# [Source data]
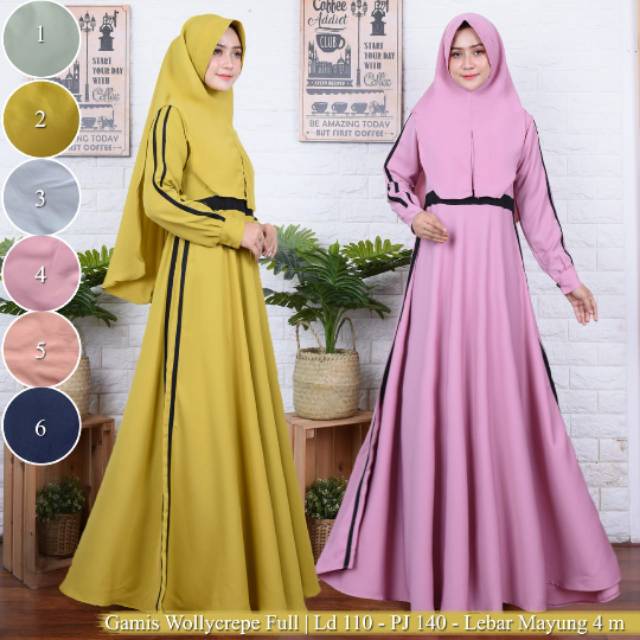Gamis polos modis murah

---

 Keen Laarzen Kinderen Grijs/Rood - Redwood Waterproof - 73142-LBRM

--

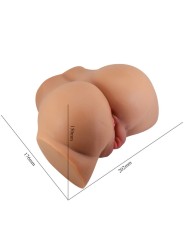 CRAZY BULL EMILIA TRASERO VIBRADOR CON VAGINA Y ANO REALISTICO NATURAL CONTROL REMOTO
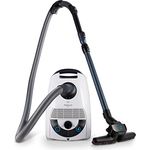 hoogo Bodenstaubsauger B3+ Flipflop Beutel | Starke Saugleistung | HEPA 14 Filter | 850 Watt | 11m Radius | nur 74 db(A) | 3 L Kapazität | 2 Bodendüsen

# [What the exercise asks]
Look above for the line with "CRAZY BULL EMILIA" and the line with "hoogo Bodenstaubsauger B3+", then copy exactly the lines from the first through the second, both kept, with no pictures.

# [Reply to the task]
 CRAZY BULL EMILIA TRASERO VIBRADOR CON VAGINA Y ANO REALISTICO NATURAL CONTROL REMOTO
 hoogo Bodenstaubsauger B3+ Flipflop Beutel | Starke Saugleistung | HEPA 14 Filter | 850 Watt | 11m Radius | nur 74 db(A) | 3 L Kapazität | 2 Bodendüsen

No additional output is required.